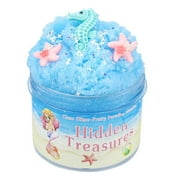 Cloud Mud Fluffy Clay Kit Stress Relief Toy Scented Mud Toy for Children and Adults Stretchy and Non-Sticky DIY Butter Slime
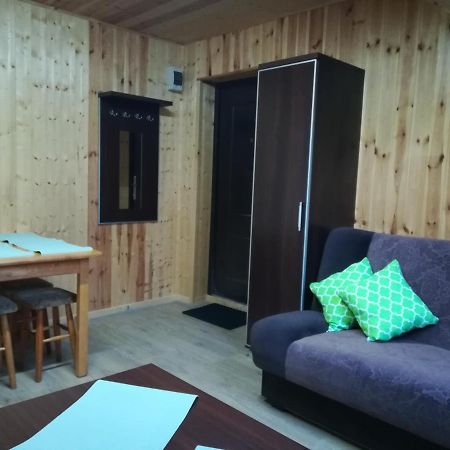 Slonecznikowy Zakatek Villa Ujście-Darłowskie Esterno foto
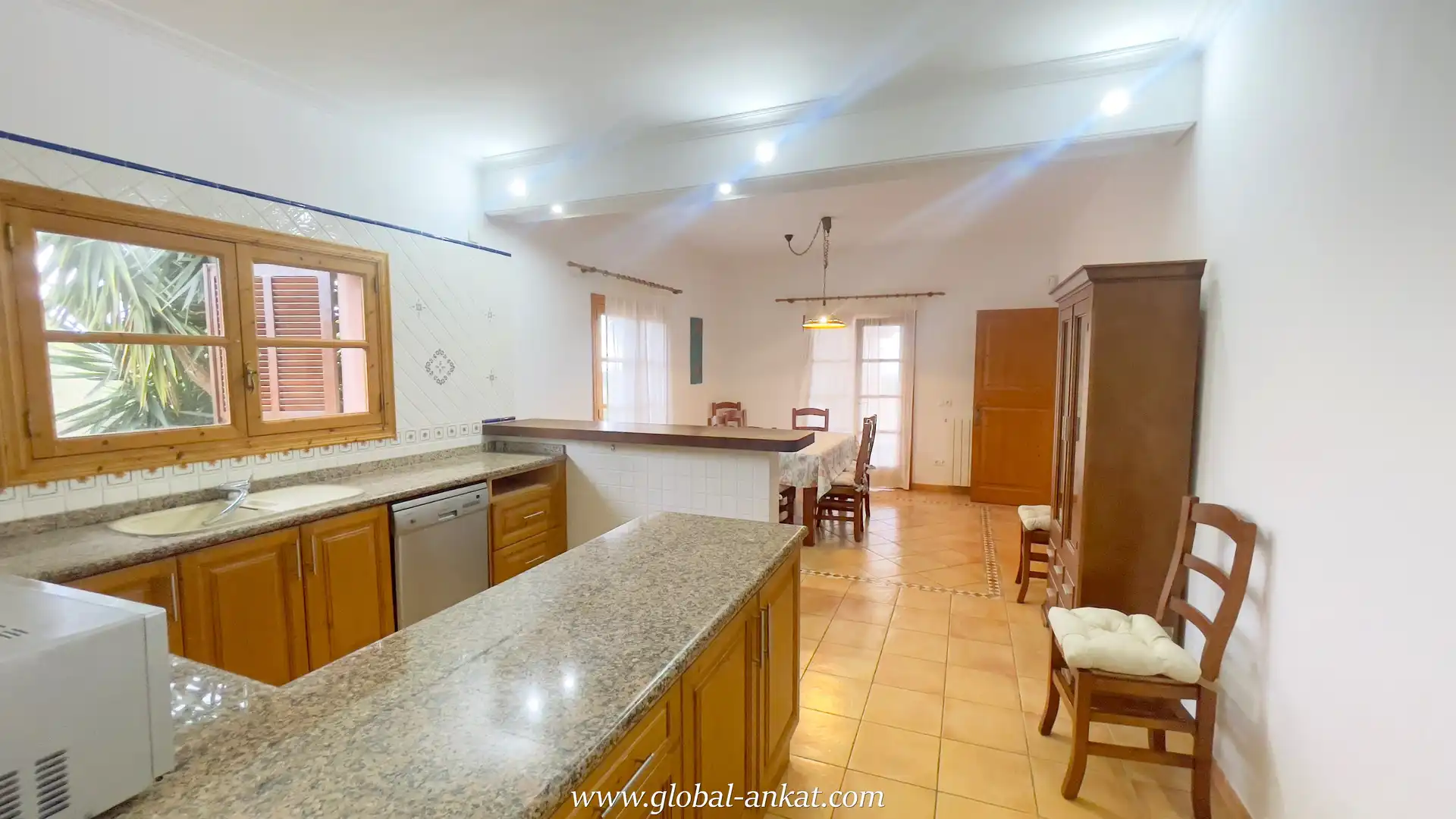 Casa rustica con terrazza in affitto a Portocolom, imagen 16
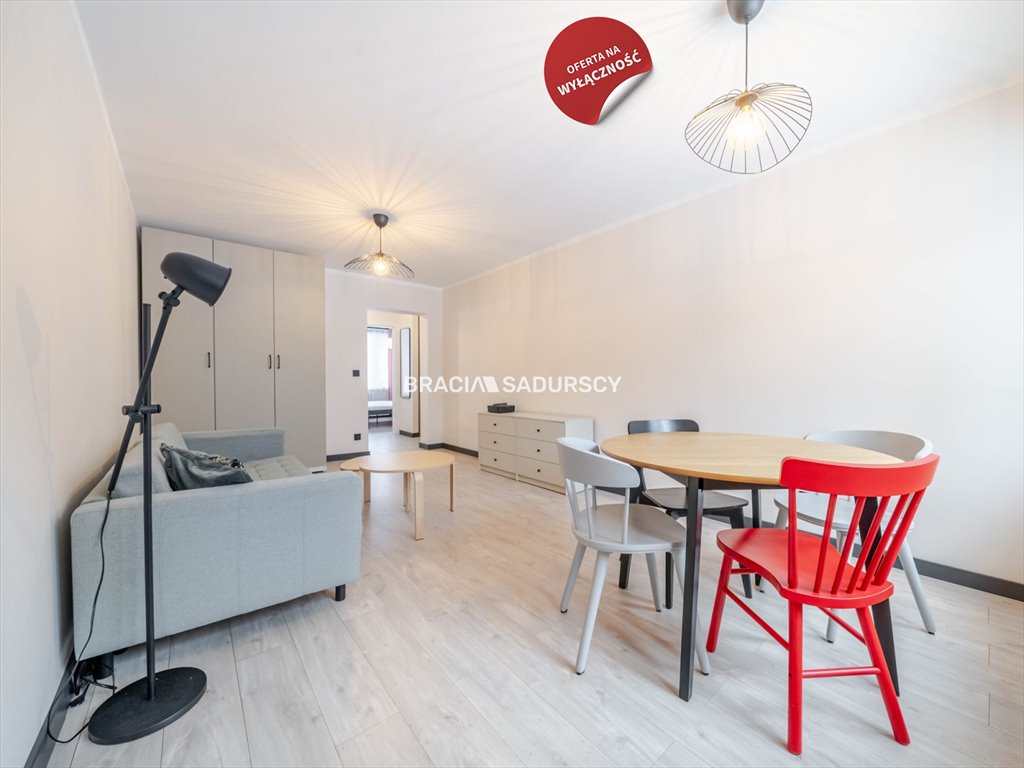 Przytulne 2 pok. po remoncie, os. Wysokie, Bieńczyce Kraków, Bieńczyce, os. Wysokie  45m2 Foto 1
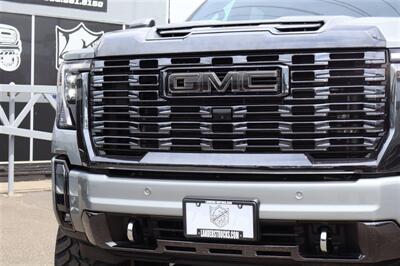 2024 GMC Sierra 2500 Denali Ultimate LIFTED DIESEL TRUCK 4X4 22 " RIMS 37 " TIRES LOADED - Photo 10 - Gresham, OR 97030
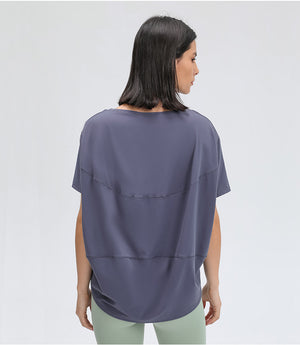 FlexComfort Flow Oversized Tee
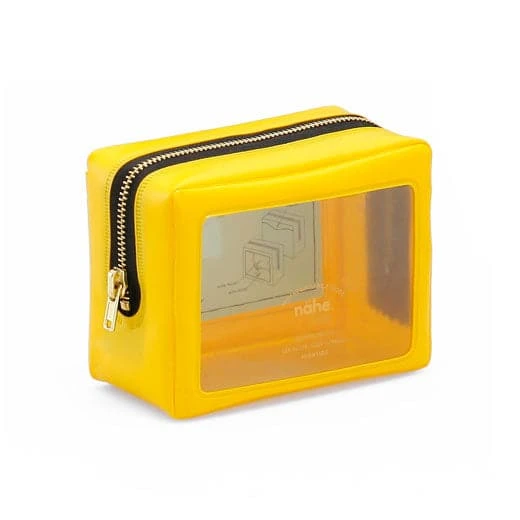 Hightide Nahe Packing Pouch (XS) - Gold Zipper 6 Hightide Nahe Packing Pouch (XS) - Gold Zipper - Image 6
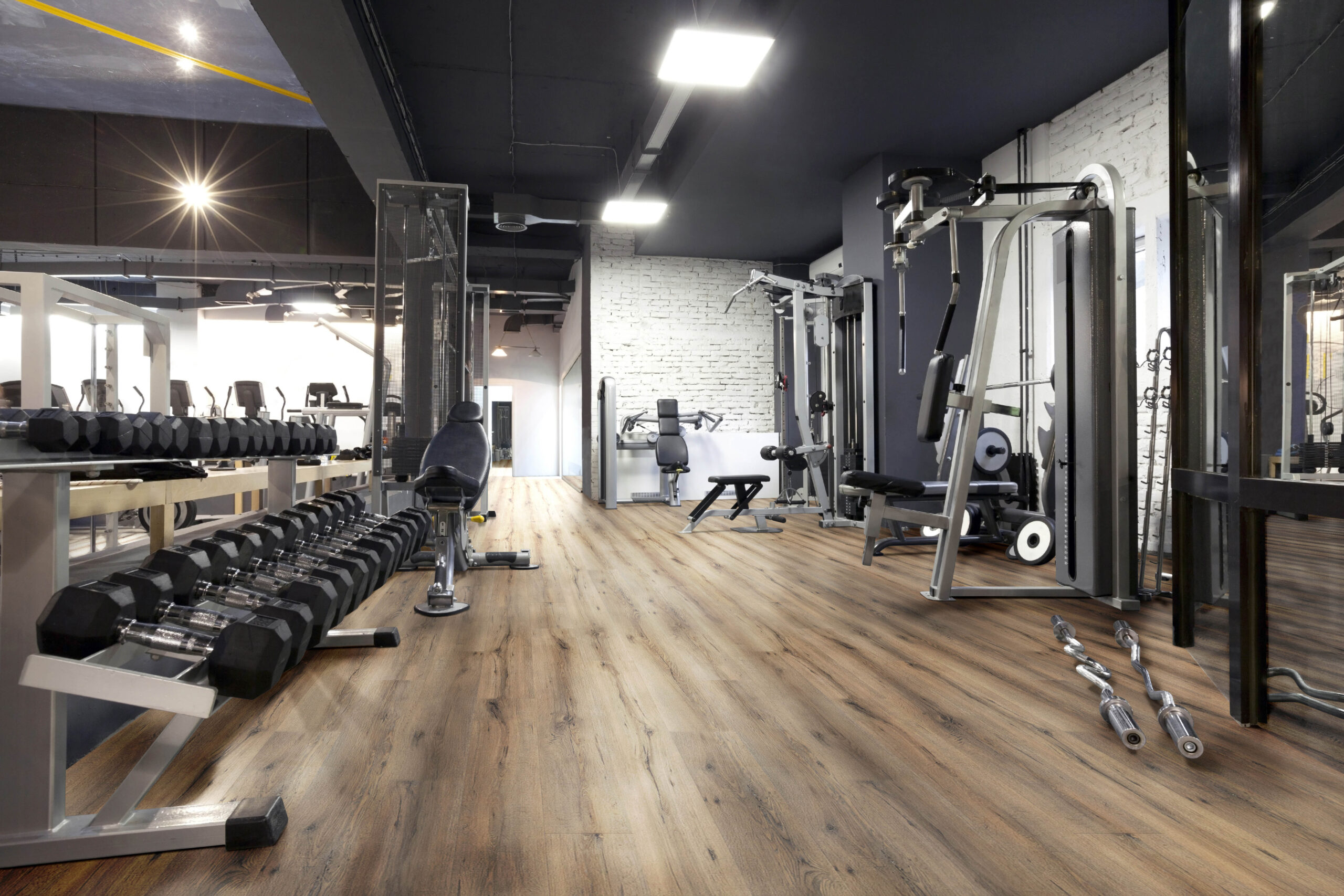 City 5601 Smoked Oak Natural - Afbeelding 3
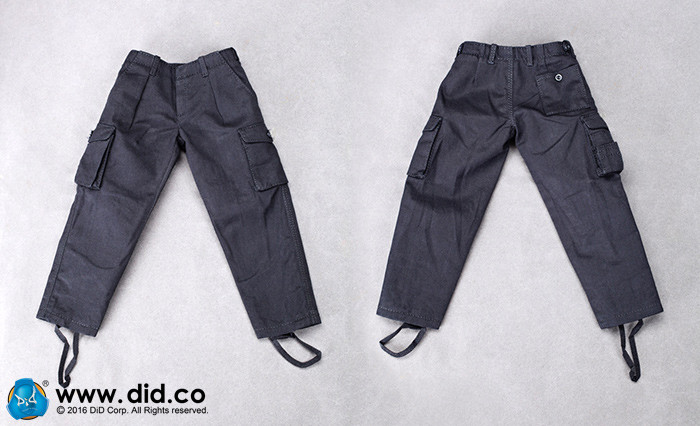 DID - British Special Air Service (SAS) B Squadon Black Ops Team - Sean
---------------
_Instructions for the task:_
The required output is an exact copy of the lines from the start of the material above through the line containing "Casa rustica con", inclusive, with no pictures in it.

_Solution for this exercise:_
 Cloud Mud Fluffy Clay Kit Stress Relief Toy Scented Mud Toy for Children and Adults Stretchy and Non-Sticky DIY Butter Slime
 Slonecznikowy Zakatek Villa Ujście-Darłowskie Esterno foto
 Casa rustica con terrazza in affitto a Portocolom, imagen 16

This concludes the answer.